With the general schema defined. We will need to query the database and create an JSON object to add documents to the Solr Server.

To convert the relational data from SQL into a Solr document, it has to be denormalized into a flat structure. The code currently does this for elastic search. For example, finding the author of every work and adding it to a Solr document of type work, so all this info is self-contained in one place for indexing.

For solr search, we can add documents formatted as a flat JSON object. Each document will have bbid if it exists for the entity type, otherwise it will use its entity id. This id will also be used to help us delete a document from the index if needed. Then this object be sent as an HTTP post request.

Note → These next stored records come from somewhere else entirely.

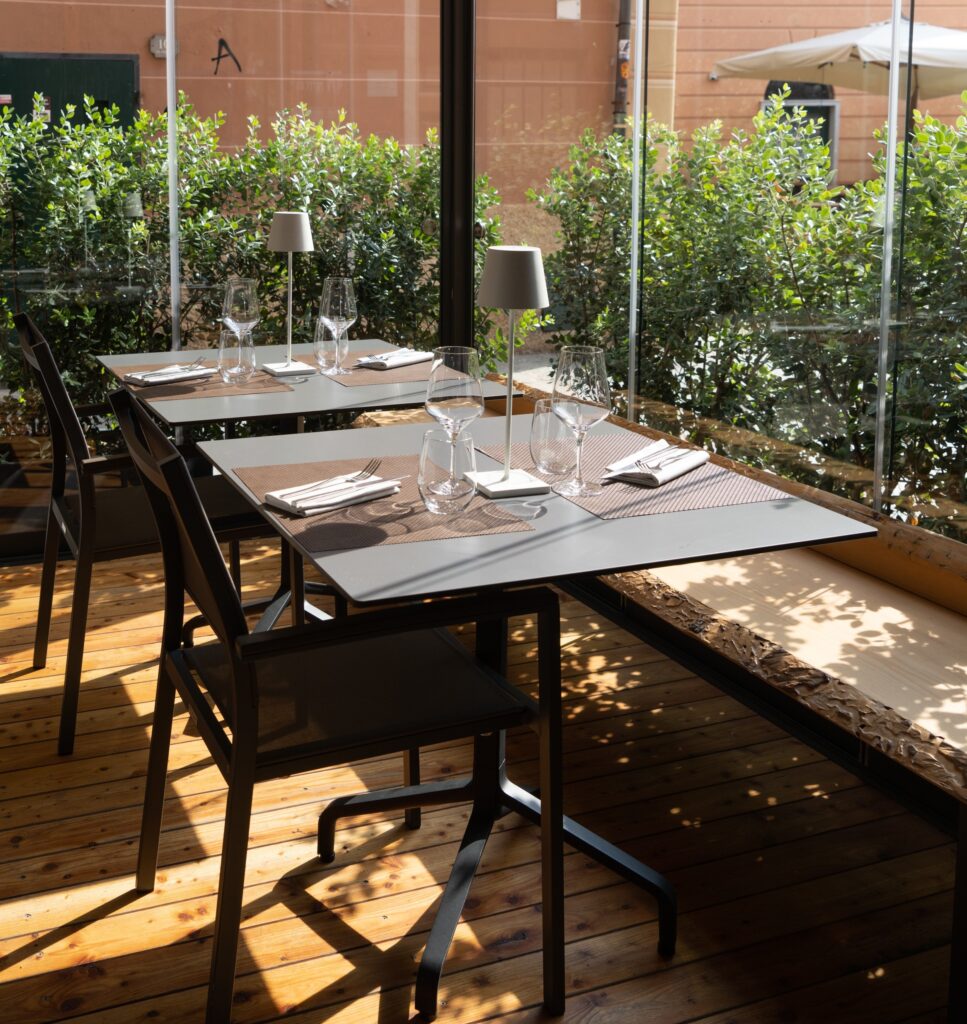 tavoli e sedute esterni ferro bar piante arredo panche di legno vetrate trasparenti ristorante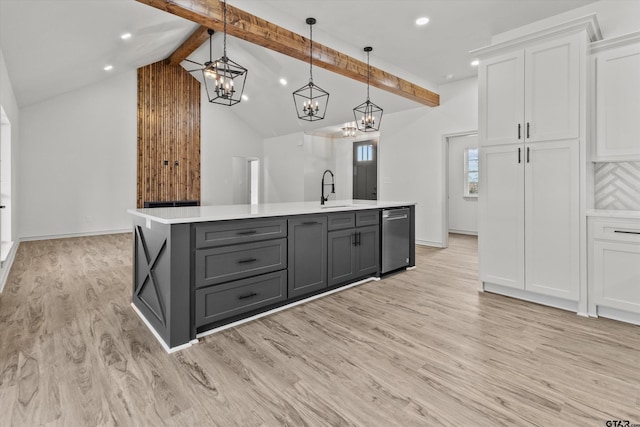 kitchen with beam ceiling, light hardwood / wood-style flooring, white cabinets, and decorative light fixtures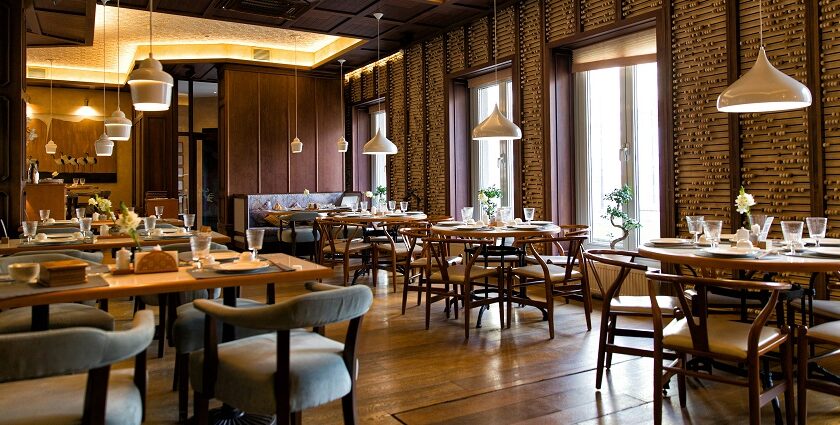 Modern restaurant with furniture, plants, and lights, one of the best Indian restaurants in Clarke Quay, Singapore.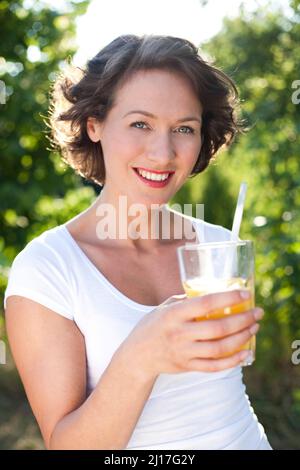 Glückliche Frau mit Orangensaft, der neben Bäumen steht Stockfoto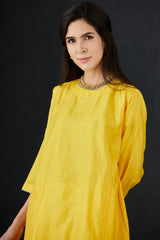 Perforated seam tunic with intricate hand embroidered Pants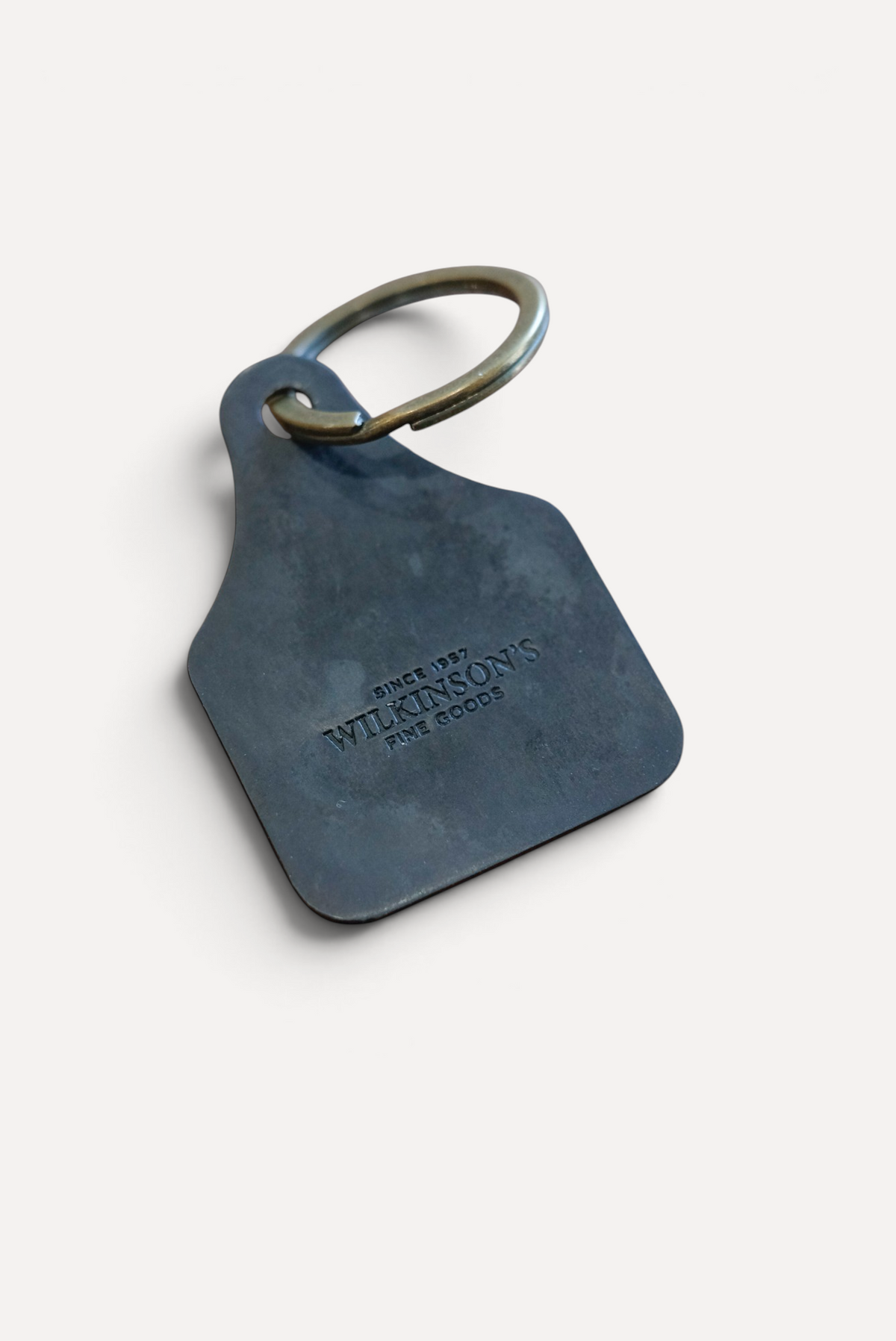 Wilkinson's Fine Goods horseshoe stock tag made from 16-gauge steel with a brass ring on a wooden surface.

To send a request to the Solr server, we can write a HTTP request.
The main usage case of the bookbrainz search:

user → writes search term in search bar → searches all entities by default
There is a dropdown menu that allows searching for specific types

Once the solr server is up, we can sent http requests like so:
curl URL_TO_SOLR_SERVER/select?q=name:search_term&wt=json&rows=20

The parameters are:
q = {field} : {What to search}
fq = {field}: {field type} (Allow users to search specific entity types)
wt = json (what we are expecting the output to be)
rows = 20 (current setup with elastic search is set to pull 20 rows per page)

I will need to restructure the handling of the response from the solr server since the response format between solr and elastic search differs.

The output will look something like:
Where status 0 means success and Qtime is query time in milliseconds. We would just parse the hits from the docs and sent it to the frontend.

{
  "responseHeader": {
    "status": 0,
    "QTime": 1
  },
  "response": {
    "numFound": 1,
    "start": 0,
    "docs": [
      {
        "id": "1",
        "title": "book title",
        "score": 1.234
      },

mr_monkey · April 7, 2025, 2:57pm

Thanks for updating your proposal @michael-w1

Don’t forget to submit the proposal on the GSOC website before tomorrow!

michael-w1 · April 8, 2025, 2:38am

Thank you for the feedback @mr_monkey, I’ve just submitted my proposal on GSOC!